20 Aralık 2018 Perşembe

How many times - How much time

"How many times" ve "How much time" kullanımı, farkları ve örnek cümleler.

How many times:
How many time.
İşlem sayısını veya eylemin tekrarlanma sayısını öğrenmek için sorulan soru.

- How many times did you take a shower today? (Bugün kaç kez duş aldın?)
- How many times have you been to Ankara? (Ankara'da kaç kez bulundun?)
- How many times have we gone down this road? (Bu yoldan kaç kez gittik?)

How much time:
How much times
Süre, toplam süre, yapılan işin zaman olarak miktarı. Daha günlük dilde aynı anlamlara gelen "how long" kalıbı da kullanılır.
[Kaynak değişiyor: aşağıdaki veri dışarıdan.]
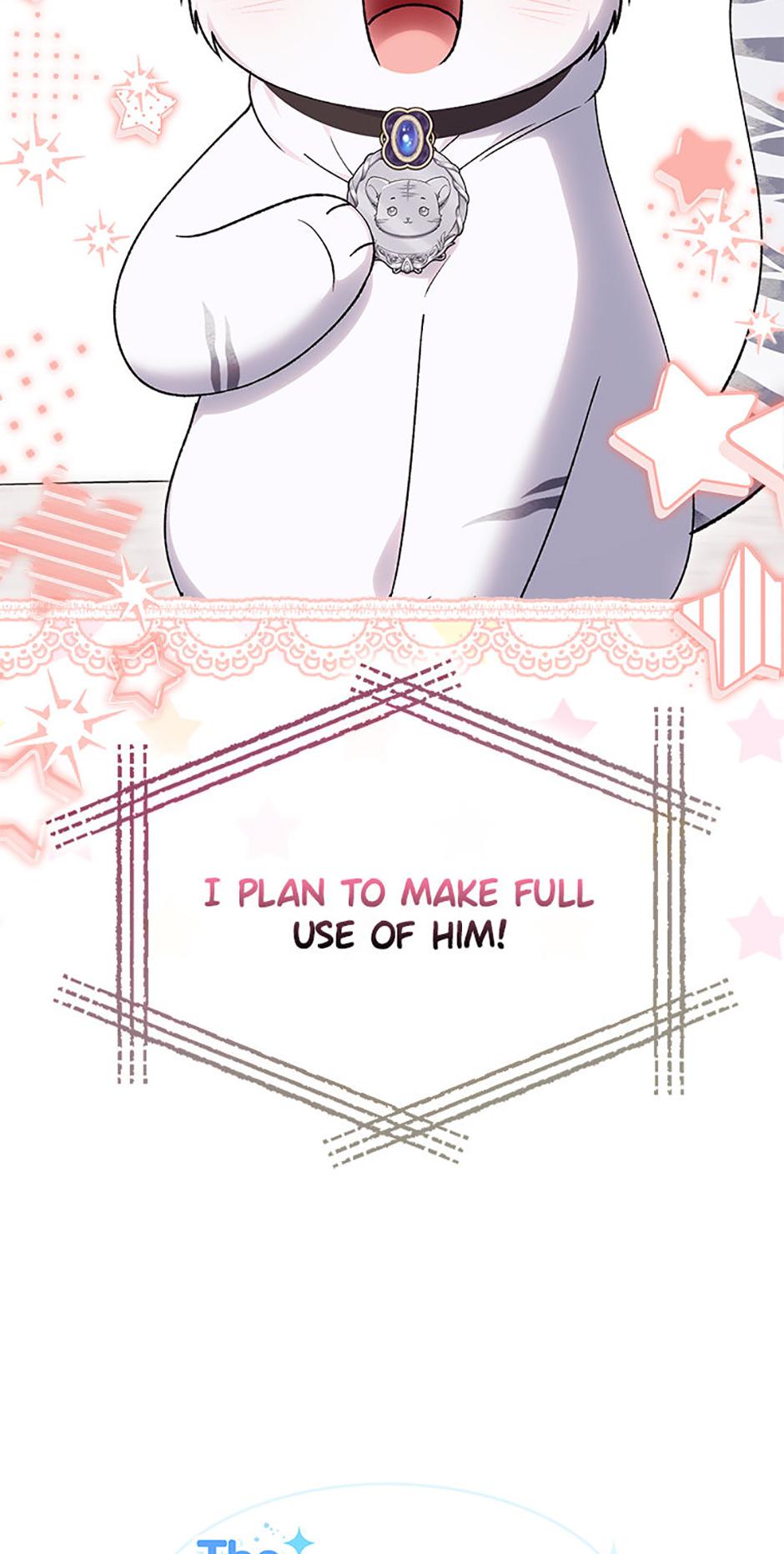Princess Baekho Is Not Dangerous Chapter 19 page 11 - 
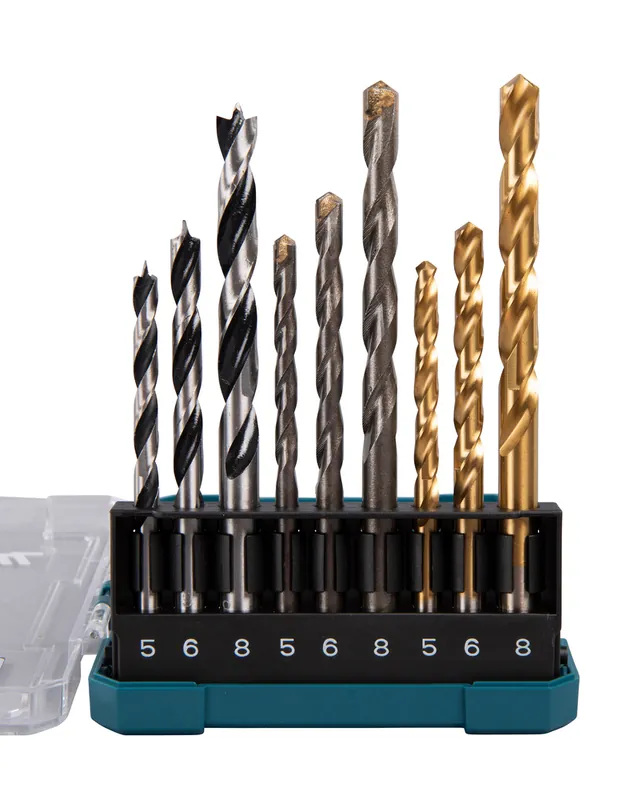 Makita D-71962 Fynd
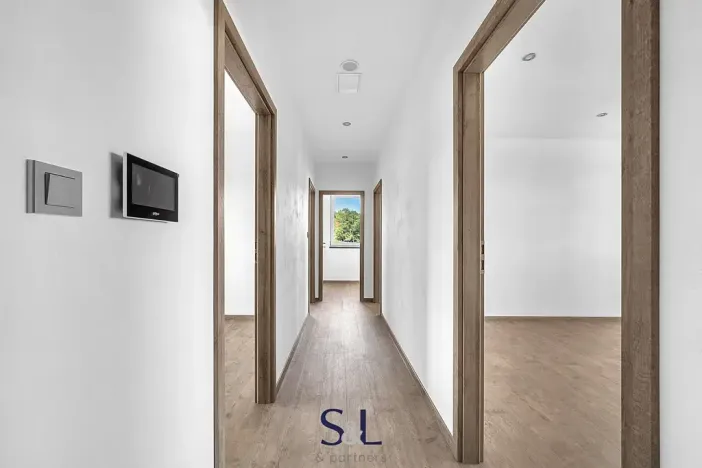 Pronájem bytu 4+kk, Nový Bor, 90 m2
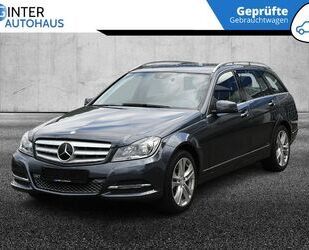 Mercedes-Benz C 180 Gebrauchtwagen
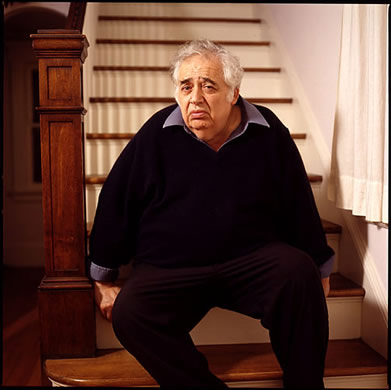 Harold Bloom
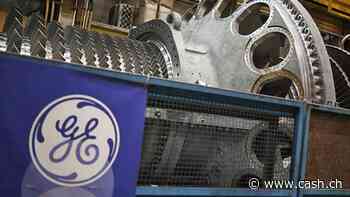 General Electric Company zieht sich von Schweizer Börse zurück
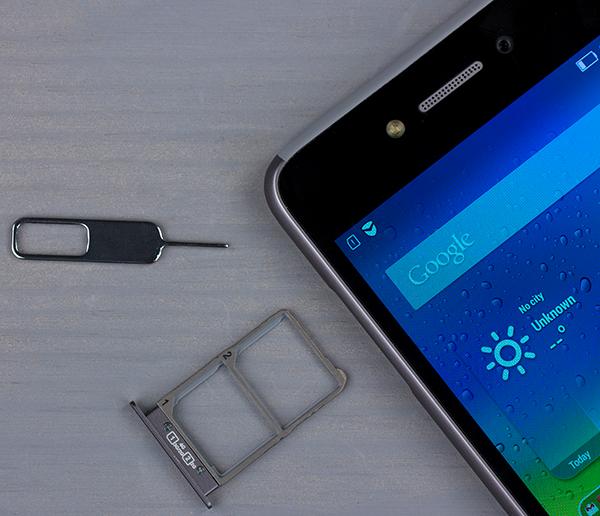 Смартфон Lenovo S90:, фото 8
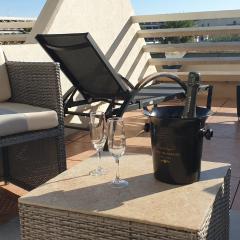 Studio Naturiste CAPTIVE Héliopolis FG 13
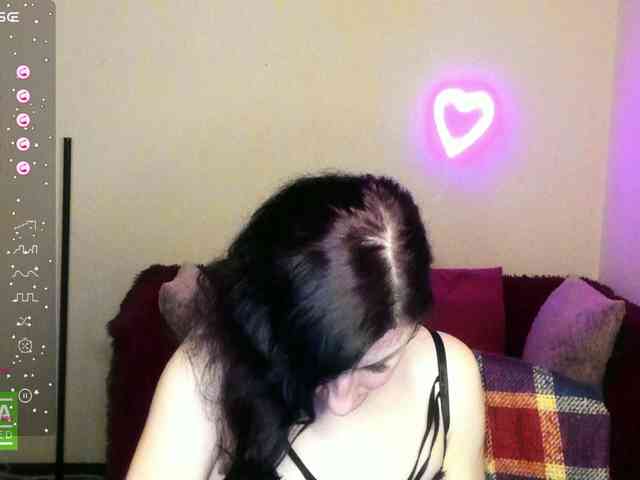 Musekittyjeni112 webcam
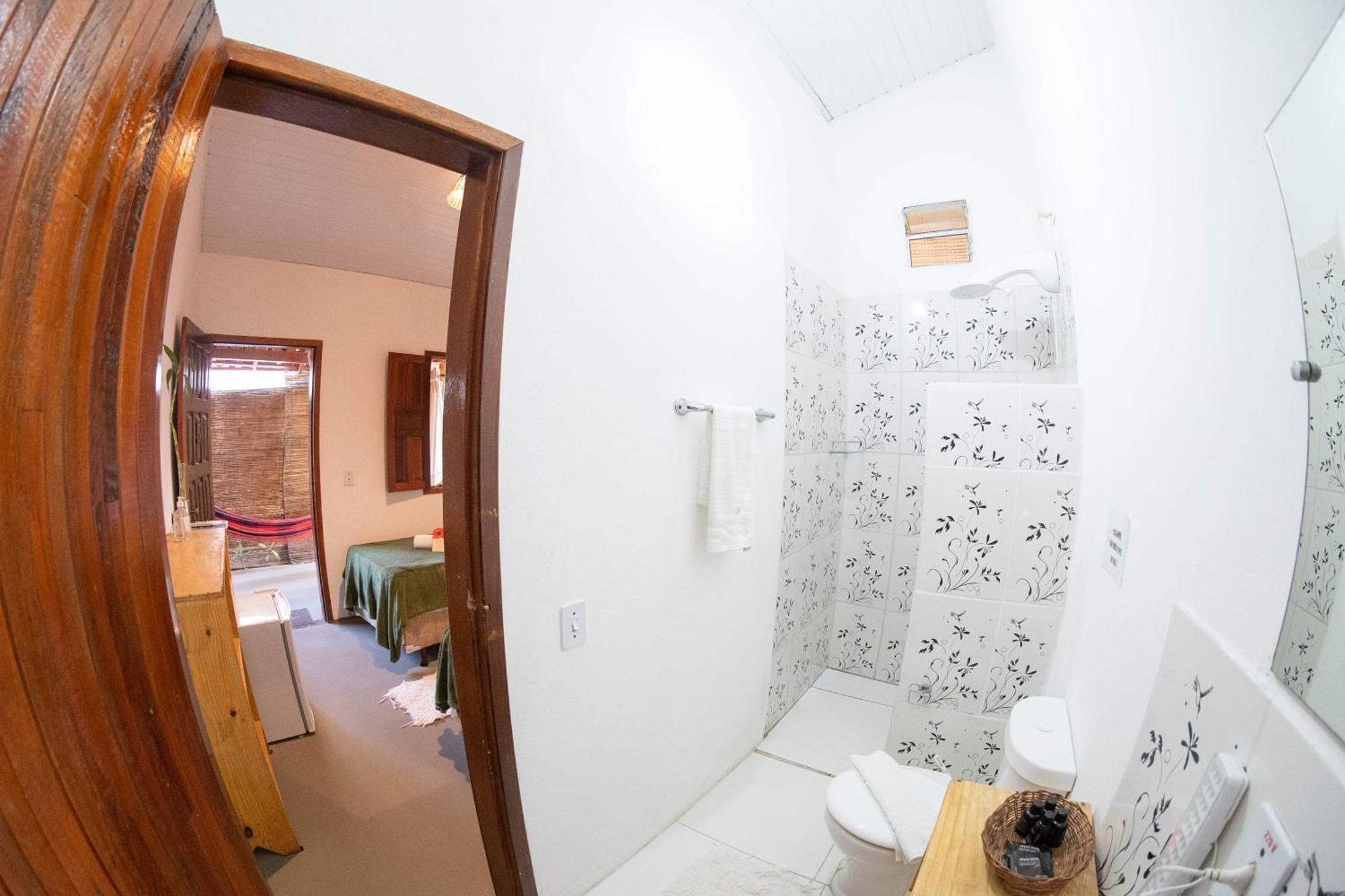 Pousada No Caraíva Kamer foto
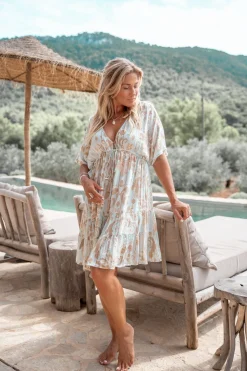 Dress Mio Mint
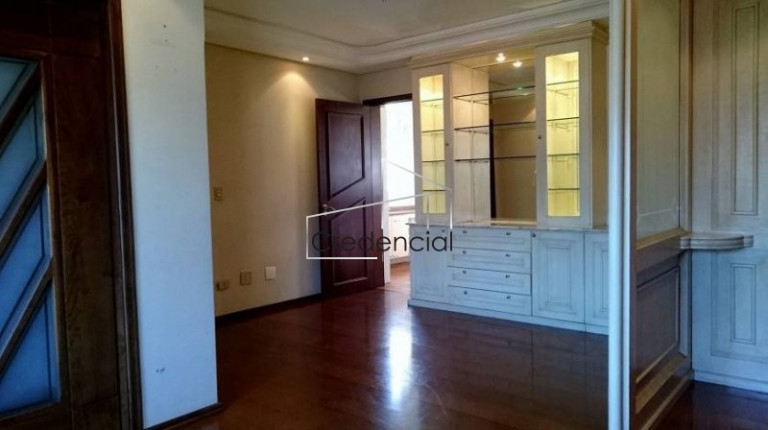 Imagem Apartamento com 2 Quartos à Venda, 113 m² em Campina Do Siqueira - Curitiba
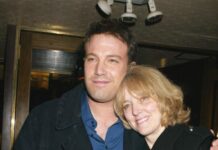 Chris Affleck Cause of Death: Mother of Ben & Casey Was 83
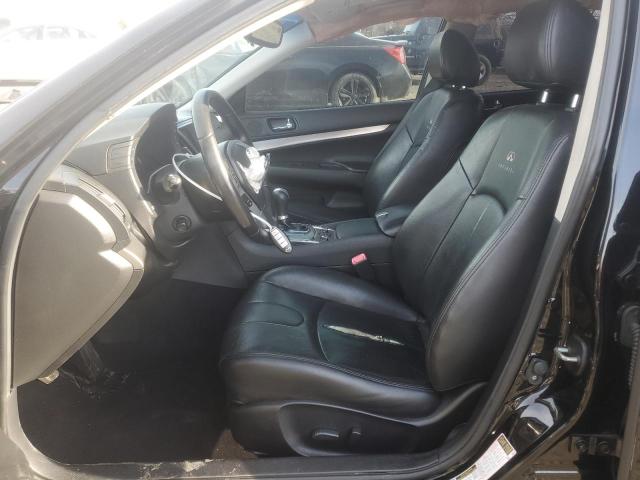 Aukcja sprzedaży 2010 Infiniti G37, vin: JN1CV6AR4AM454716, numer aukcji: 45273344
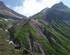 randonnées massif des aravis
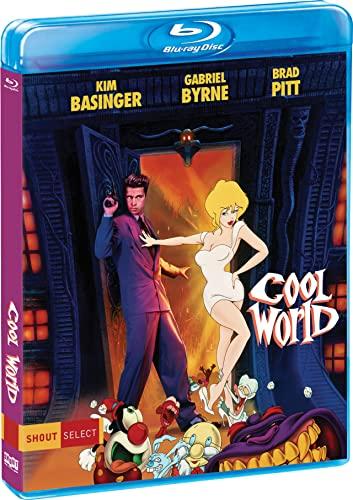 Cool World
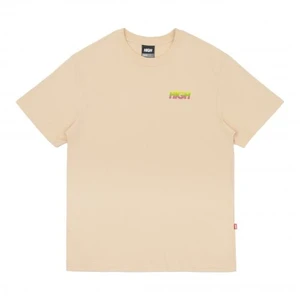 Camiseta High Fantasia Beige 3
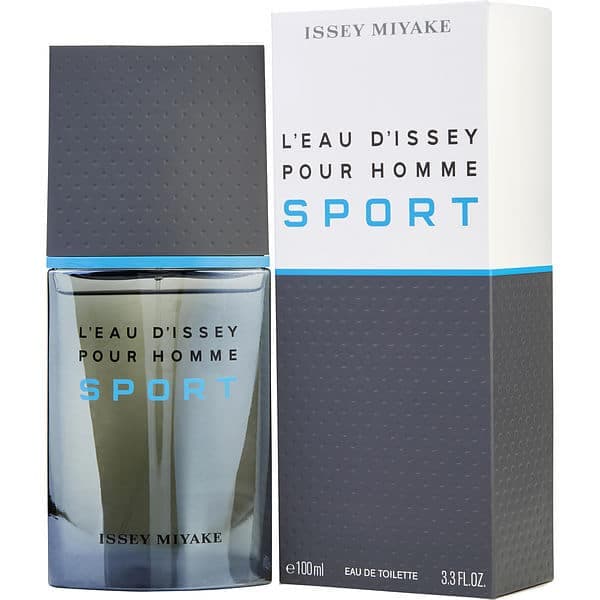 عطر ادکلن ایسی میاکه لئو د ایسه پورهوم اسپرت اصل | Issey Miyake L’Eau d’issey Pour Homme Sport 100ml — تصویر ۱۰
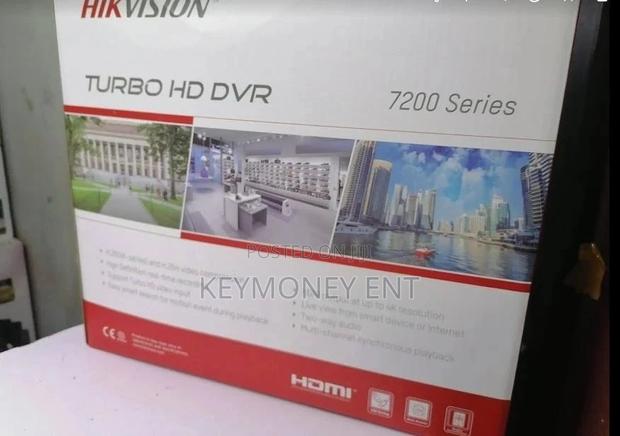 Quality Hikvision DVR 32 Channels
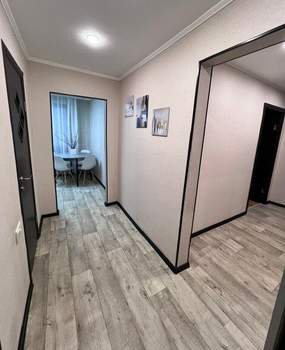 2-к квартира, на длительный срок, 56м2, 9/9 этаж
How much time does it take to write the report? (Raporu yazmak ne kadar sürer? - Rapor ne kadar sürede yazılır?)
- How much time does it take to go on Google and search them up? (Google'a girmek ve onları aramak ne kadar zaman alır?)
- How much time have you waited in line? Ne kadar zamandır sırada bekliyorsun?
- How long have you waited in line here? (Ne kadar zamandır sırada bekliyorsun?)